Advanced warning...this is the long version. This helps me go back and pick through my thinking and what I did so I can be better prepared for the next race. I try to do this quickly after my races so my thoughts aren’t modified by time and the ability to process and change how I perceive my race. It’s amazing how quickly those first thoughts are modified by time and reasoning. I can also remember details of what I did better, and the devil is often in the details.

This was a “train through” race. No planned taper, not much recovery post race. I had done longish runs the previous saturday and sunday with hard long intervals.  I also did intervals and speedwork this week. This left me with tender quads through Wednesday. Thursday was my only really easy run this week and Friday no running.  Race strategy was to keep things very easy and controlled for 30 miles, then race with constant focus for the last 20 miles. My goal race this year is Moab 240, a 238 mile race in October. We’ve been working on speed early this season to get the legs accustomed to “faster feeling easier”. The focus will shift later this season to translating that “faster feels easier” to “faster feels easier LONGER” in other words speed endurance.  

With the predicted weather, I packed my 2 drop bags with dry long sleeve tech shirts, dry light, but waterproof, jackets and some caffeinated chocolate and various snacks I might decide I want. I knew from experience that even with a totally waterproof light jacket, with sustained wind and heavy rain, water would eek it’s way in over the hours around my head and neck, and along with sweat, gradually saturate me from the inside out. A heavier shell would keep the water out, but I would suffocate and sweat more. I wore shorts, as wet leggings are no fun.  With the temps, rain pants would also suffocate me. If I could keep my chest and arms warm, I would stay warm.

Race start was 6am, so headlamps on, we headed out of the park’s shelter into the rain and onto the road. Fortunately, we had a couple miles of road to warm up and spread out a little before hitting the rocky, rooty, muddy, wet trails. Initially, the trails were saturated. There were frequent pools of mud and water, some stretching several meters. We crossed some small streams and made our way over to Pinnacle Hill. We climbed a little, but were restricted to the base due to the weather. The dogwoods, blooming shrubs, and other trees were on full display. The bright green leaves were almost glowing in the early dawn. My mood was good, but not particularly “happy”. I knew the nature of what lie ahead….50 miles of rocky, rooty, muddy trails and cold rain. My mind was not excited. The race strategy, which seemed like it would be nice and “ez” (compared to most of my 50 mile races), was actually going to be challenging. I knew I would be in this mode for the next 20 miles... not racing, but not dilly dallying. Being in this place still required focus or laziness sets in. I felt decent energy was, but knew I was not rested, and I wondered how that would play out over the long haul.

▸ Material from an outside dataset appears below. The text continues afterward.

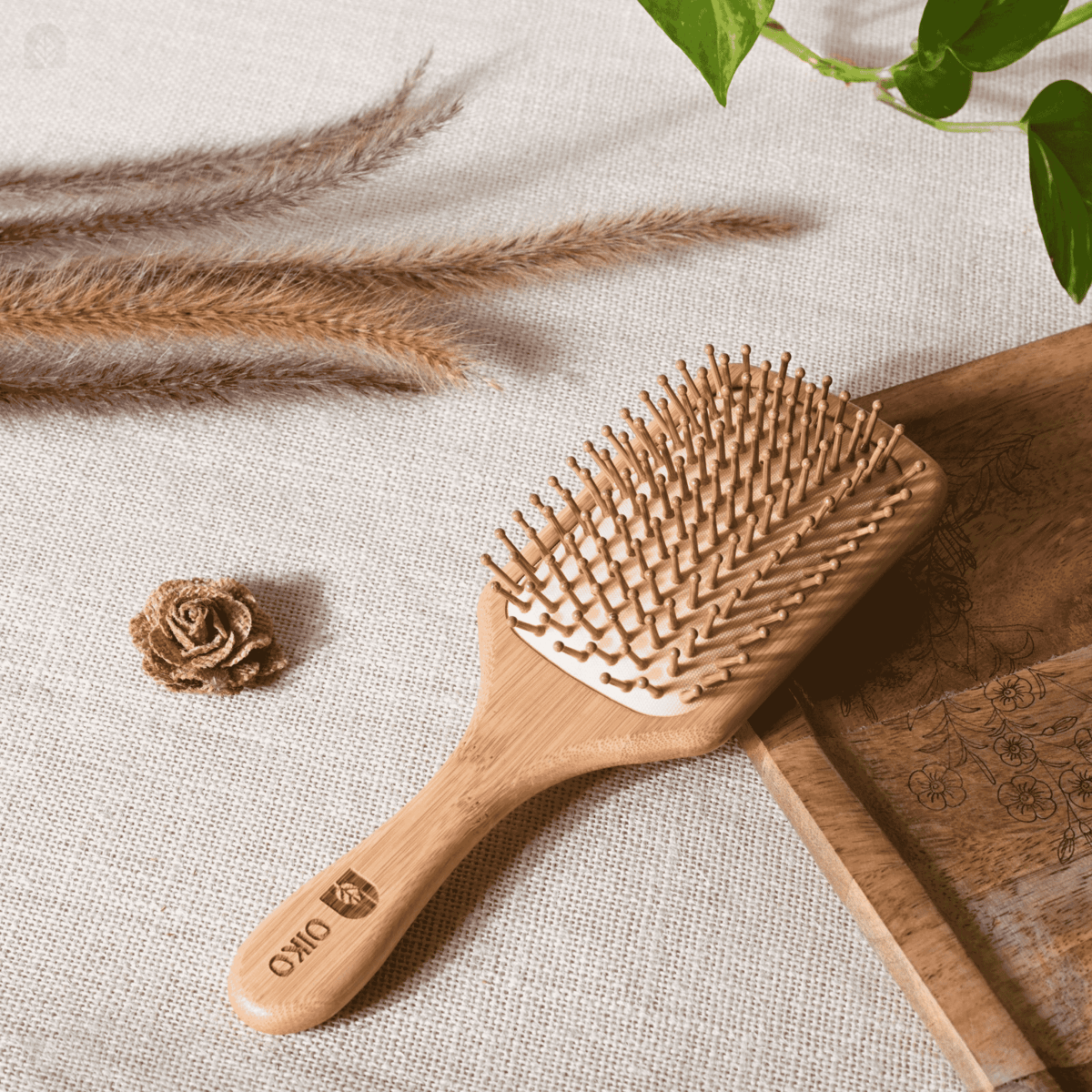 Bamboo Hair Brush with Bamboo Bristles – Hair Brush by OIKO available on Brown Living™. . SKU: BA/HA/P1. Img 1.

I was tolerating solid food and water very very well. I started with pb&js i had stashed in ziplock baggies. I was probably taking in 200-300 calories or even more per hour, due to pace and effort, my stomach was absorbing it well. Normally on a 50 miler, max caloric intake for me is closer to 200 calories, and usually in the form of gels. By 10 miles I was starting to realize this would be the scene for the next 40 miles. Rocks, roots, water, mud, wind, rain. I had to pull my jacket hood on which limited my view to my feet and about 10 feet around me. It also limited my hearing to only the wind and rain. It was somewhat like being in a sensory deprivation chamber. Normally, at races you have the varying terrain, the changing views, the noises of birds, animals, leaves, and the chatter of runners to distract the mind. Not today. The scene unchanging. Everyone dead silent. Only 2-5 word exchanges here or there between runners. My body felt fine, my mind not so much. I was amazed and frustrated by how limited my senses were wrapped up in my jacket and hood.

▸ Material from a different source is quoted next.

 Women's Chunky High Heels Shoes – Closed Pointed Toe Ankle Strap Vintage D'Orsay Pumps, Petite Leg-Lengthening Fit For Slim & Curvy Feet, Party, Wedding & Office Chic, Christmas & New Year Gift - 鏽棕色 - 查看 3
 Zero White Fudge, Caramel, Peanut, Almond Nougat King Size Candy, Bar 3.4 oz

By mile 13, I was calculating how many more hours of the same shit. 8? 10? It’s always a bad idea to calculate how much farther/longer one has to go this early in a race. Not only that, but I had to return on the same damn trail. The nasty shit I was treading, I would be treading again. I typically shoot for courses that are point to point and mountainous, so this was a huge shift for me. Quite frankly, I was being a baby. I thought about how many people would love to have the ability to be on a trail for 5 minutes, and at that moment, I realized I didn’t care. Normally, that thought sets my head straight. That’s when I knew I was facing the biggest challenge of the own damn candy-ass mind set. I knew it was off…. and I was wallering in it, thank-you-very-much. I knew at 16ish miles I could make the decision to drop to the 50k, that is where we would split off from them. Go left, day done early, go right and it’s the whole enchilada. I knew i just had to get my ass past 16 miles so I would no longer have a choice. As time went on and my head did not clear, I was actually nervous I might just take the 50k turn. Fortunately I passed it.

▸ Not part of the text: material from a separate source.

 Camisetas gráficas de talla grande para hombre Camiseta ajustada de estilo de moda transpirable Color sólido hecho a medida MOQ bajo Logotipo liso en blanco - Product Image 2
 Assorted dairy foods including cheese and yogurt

At 18 miles I hit an aid station and was informed I was now in 2nd place. The 1st female runner was dropping and I was about 5-10 minutes behind the second. I knew this was a good sign, and very possible for me to catch her if she was going at a less conservative effort than me. I knew the cold and the rain would catch up and slow everyone down, and that most people were probably exerting a little higher effort to stay warm and get done as quickly as possible. I also knew that the next female was probably 20 years younger than me. Youthful legs count, but so does age and experience. And today’s course and conditions lent itself to experienced legs. So I was cautiously optimistic. Unfortunately, this knowledge did not lift my mind/spirits.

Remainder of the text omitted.